A team of British engineers has broken the world speed record for a steam-powered car in



The steam car, Inspiration, recorded an average speed of 139.843mph (225.06km/h) at Edwards Air Force Base in the Mojave Desert, breaking the old record that has stood for more than 100 years.

Driver Charles Burnett III piloted the car for both runs, reaching a peak speed of 136.103mph on the first run and 151.085mph on the second. The new international record, which is subject to official confirmation by the FIA, breaks the previous official FIA record of 127mph set in 1906 by American driver Fred Marriott, who drove a Stanley Steamer at Daytona Beach.

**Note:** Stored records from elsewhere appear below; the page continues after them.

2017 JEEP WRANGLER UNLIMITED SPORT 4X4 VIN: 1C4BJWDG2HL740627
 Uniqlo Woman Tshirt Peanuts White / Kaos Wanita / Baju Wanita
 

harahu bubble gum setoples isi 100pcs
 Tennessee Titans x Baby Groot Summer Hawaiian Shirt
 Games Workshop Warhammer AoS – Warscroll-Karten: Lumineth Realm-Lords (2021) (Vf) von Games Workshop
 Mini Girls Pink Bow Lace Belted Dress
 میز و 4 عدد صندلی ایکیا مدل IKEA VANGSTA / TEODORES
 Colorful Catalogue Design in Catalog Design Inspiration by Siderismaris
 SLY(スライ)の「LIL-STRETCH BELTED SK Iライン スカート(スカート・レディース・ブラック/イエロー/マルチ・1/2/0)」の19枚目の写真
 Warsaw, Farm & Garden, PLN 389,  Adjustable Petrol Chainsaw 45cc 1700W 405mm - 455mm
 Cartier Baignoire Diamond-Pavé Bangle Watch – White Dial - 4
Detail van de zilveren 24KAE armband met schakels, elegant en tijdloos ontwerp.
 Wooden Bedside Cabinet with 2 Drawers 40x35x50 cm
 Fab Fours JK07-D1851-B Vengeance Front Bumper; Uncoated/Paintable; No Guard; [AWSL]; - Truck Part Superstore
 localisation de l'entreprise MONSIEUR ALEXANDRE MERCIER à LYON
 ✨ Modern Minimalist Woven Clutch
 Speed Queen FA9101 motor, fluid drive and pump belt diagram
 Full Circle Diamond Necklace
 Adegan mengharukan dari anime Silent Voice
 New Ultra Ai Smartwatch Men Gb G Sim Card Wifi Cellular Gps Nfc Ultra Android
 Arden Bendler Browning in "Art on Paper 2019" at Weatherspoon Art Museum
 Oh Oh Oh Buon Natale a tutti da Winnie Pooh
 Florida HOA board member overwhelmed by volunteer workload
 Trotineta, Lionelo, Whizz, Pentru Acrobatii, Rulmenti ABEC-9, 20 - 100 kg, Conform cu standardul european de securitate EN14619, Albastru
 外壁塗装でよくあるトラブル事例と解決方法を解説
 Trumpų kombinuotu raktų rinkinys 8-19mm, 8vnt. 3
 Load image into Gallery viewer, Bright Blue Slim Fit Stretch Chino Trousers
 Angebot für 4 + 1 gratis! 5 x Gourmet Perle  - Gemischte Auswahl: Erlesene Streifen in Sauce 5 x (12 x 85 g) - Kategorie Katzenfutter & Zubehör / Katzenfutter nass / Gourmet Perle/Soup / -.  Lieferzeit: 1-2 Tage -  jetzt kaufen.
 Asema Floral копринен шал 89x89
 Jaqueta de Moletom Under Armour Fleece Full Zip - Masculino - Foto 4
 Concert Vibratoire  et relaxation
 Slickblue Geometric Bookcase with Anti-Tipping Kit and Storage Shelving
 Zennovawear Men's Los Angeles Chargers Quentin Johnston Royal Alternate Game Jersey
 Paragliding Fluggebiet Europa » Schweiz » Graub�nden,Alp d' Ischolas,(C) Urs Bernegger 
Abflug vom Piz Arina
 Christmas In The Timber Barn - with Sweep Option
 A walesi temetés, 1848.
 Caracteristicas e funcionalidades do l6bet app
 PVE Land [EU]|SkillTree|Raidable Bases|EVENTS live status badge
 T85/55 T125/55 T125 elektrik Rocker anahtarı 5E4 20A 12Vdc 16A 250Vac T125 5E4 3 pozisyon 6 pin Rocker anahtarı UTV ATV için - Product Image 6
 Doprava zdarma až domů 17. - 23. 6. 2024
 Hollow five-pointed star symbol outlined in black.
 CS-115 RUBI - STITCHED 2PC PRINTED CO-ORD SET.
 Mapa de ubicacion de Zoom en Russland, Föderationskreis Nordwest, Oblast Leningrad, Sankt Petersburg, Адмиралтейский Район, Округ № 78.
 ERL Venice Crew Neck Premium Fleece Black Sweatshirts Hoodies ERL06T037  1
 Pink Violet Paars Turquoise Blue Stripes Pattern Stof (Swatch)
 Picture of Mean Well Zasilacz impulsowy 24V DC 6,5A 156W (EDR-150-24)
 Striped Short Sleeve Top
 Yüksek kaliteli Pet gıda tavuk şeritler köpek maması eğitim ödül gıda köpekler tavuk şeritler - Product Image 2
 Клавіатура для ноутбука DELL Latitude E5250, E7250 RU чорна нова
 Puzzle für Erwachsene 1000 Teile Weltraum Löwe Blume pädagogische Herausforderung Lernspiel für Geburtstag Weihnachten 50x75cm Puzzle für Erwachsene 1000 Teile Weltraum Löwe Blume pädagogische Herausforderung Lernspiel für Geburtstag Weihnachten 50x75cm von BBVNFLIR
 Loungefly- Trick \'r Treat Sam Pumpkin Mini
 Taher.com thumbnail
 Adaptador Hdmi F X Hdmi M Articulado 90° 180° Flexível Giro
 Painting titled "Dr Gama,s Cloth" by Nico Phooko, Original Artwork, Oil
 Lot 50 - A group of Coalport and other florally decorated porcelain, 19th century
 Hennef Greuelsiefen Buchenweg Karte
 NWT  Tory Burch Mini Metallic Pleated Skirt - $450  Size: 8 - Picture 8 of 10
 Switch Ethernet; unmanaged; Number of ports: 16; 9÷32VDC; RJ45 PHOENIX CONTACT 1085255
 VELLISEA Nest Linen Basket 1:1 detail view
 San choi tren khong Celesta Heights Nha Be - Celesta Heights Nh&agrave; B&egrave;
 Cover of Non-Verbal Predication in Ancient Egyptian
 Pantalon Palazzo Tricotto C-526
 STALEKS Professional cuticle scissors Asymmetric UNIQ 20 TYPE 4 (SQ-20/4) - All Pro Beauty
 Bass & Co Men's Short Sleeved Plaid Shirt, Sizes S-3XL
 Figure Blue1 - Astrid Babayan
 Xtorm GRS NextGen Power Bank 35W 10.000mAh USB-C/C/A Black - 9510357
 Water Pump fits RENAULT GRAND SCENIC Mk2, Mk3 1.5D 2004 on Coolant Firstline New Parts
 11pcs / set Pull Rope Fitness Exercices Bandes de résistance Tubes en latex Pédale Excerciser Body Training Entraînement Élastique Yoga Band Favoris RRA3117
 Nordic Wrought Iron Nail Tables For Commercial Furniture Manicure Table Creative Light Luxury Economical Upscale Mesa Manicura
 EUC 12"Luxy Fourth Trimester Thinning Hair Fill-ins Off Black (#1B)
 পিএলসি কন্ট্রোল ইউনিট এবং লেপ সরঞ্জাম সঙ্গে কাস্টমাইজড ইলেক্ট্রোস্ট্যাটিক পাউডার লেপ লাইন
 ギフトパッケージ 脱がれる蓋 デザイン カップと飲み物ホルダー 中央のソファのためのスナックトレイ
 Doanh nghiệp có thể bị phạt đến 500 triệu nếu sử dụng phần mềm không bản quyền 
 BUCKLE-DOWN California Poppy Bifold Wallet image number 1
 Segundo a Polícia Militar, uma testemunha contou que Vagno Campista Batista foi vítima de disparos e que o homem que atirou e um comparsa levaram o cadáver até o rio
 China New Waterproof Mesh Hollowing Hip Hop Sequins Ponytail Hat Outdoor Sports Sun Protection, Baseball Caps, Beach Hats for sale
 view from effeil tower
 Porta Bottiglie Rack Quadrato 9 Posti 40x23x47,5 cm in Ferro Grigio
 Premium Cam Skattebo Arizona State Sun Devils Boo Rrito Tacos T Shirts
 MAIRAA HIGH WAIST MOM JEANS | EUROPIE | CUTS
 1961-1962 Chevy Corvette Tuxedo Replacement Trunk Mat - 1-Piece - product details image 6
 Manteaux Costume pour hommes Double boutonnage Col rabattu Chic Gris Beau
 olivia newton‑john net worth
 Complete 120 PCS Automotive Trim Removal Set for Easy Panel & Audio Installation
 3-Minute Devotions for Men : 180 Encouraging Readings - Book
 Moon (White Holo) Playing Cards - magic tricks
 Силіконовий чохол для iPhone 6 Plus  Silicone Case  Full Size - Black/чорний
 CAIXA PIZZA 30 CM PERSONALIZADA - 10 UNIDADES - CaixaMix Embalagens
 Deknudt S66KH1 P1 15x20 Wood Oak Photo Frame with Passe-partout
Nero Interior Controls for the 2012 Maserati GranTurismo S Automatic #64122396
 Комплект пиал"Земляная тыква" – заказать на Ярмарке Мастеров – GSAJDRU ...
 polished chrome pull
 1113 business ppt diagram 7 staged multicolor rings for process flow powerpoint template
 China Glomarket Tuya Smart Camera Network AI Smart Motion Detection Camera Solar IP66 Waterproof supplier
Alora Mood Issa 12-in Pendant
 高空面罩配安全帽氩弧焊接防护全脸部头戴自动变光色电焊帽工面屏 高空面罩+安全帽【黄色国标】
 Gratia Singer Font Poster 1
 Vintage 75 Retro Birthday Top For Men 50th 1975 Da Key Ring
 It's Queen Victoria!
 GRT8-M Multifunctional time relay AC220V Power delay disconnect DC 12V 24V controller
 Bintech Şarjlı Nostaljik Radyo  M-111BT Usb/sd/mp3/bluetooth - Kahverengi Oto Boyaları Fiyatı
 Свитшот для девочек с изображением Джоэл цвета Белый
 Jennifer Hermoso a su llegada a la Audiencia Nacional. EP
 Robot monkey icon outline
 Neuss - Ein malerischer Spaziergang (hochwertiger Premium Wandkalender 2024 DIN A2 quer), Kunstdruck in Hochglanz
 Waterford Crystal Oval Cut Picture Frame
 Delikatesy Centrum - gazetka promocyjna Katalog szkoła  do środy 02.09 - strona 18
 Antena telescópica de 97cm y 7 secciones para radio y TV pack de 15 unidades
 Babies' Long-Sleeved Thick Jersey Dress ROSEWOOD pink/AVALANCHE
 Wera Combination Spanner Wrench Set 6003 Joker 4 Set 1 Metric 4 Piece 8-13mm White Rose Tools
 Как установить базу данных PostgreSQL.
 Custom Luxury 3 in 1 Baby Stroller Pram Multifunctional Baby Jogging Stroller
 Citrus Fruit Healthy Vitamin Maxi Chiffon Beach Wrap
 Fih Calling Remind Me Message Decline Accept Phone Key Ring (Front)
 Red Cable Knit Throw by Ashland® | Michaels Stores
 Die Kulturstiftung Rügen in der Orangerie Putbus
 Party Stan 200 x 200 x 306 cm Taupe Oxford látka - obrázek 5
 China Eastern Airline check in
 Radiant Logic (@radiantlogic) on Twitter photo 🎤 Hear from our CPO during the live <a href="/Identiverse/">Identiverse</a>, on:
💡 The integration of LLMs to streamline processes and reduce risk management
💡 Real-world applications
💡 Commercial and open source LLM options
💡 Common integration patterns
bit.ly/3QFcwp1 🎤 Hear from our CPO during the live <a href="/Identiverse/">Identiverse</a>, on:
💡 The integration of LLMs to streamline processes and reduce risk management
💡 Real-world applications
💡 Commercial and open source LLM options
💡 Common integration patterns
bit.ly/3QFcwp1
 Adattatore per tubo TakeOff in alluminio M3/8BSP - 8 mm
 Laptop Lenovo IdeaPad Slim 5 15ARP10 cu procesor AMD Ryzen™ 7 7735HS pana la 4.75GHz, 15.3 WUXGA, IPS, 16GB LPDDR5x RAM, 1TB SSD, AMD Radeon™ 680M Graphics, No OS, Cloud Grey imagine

Charles Burnett III commented after his record-breaking run that the Inspiration car took 10 years to develop and had to overcome numerous engineering challenges.

‘What we have achieved today is a true testament to British engineering, good teamwork and perseverance,’ he said.

Project manager Matt Candy said the car outperformed its test runs in Britain.

‘The British steam car takes 2.5 miles to accelerate and after the measured mile, a further 2.5 miles to decelerate - so each run was more than 6.5 miles,’ he added. ‘The FIA requires that the return run takes place within 60 minutes. The times of the two runs are then averaged to obtain the official recorded speed.

‘Compared to the testing we did in Britain, the British steam car ran 12 times the distance and twice the maximum speed - all within one hour. It’s been a huge challenge for all.’